* [Task brief] Please restate the listing word for word, omitting the images.

* [Data provided]

------------

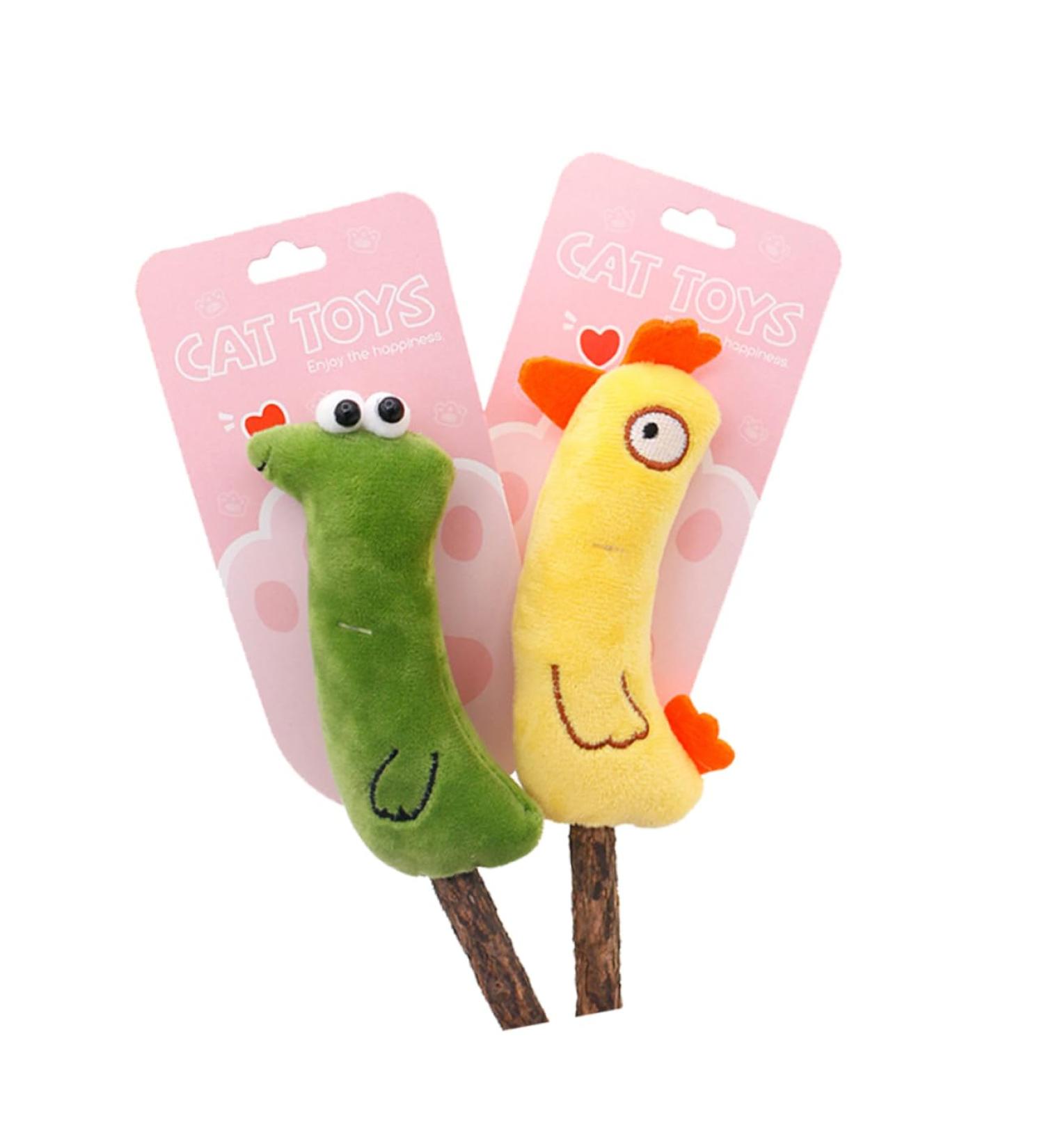 POPETPOP 2pcs Cat Teething Stick Indoor Playset Cat Dental Care Cat Grinding Teeth Rod Cat Cartoon - Buy Online on GoSupps.com
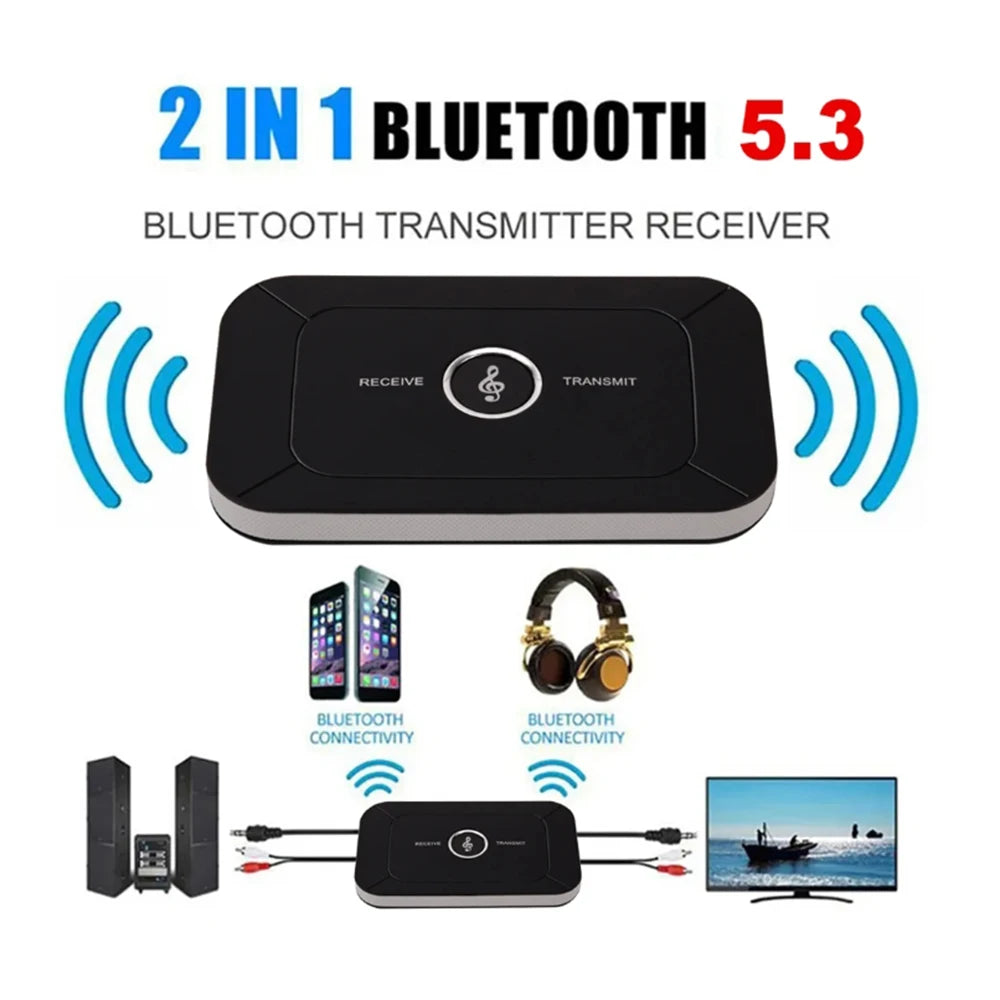 AUX 3.5mm Hifi Wireless Audio 2 in 1 Bluetooth-Compatible 5.0 Transmitter Receiver A2DP Audio Adapter Portable Audio Player Zpaxo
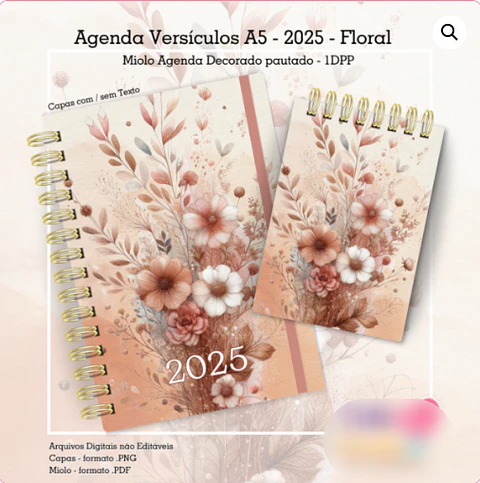 Arquivo Agenda Versículos Floral 2025 + Bloquinho - Cute Corte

------------

* [Task solution]
 POPETPOP 2pcs Cat Teething Stick Indoor Playset Cat Dental Care Cat Grinding Teeth Rod Cat Cartoon - Buy Online on GoSupps.com
 AUX 3.5mm Hifi Wireless Audio 2 in 1 Bluetooth-Compatible 5.0 Transmitter Receiver A2DP Audio Adapter Portable Audio Player Zpaxo
 Arquivo Agenda Versículos Floral 2025 + Bloquinho - Cute Corte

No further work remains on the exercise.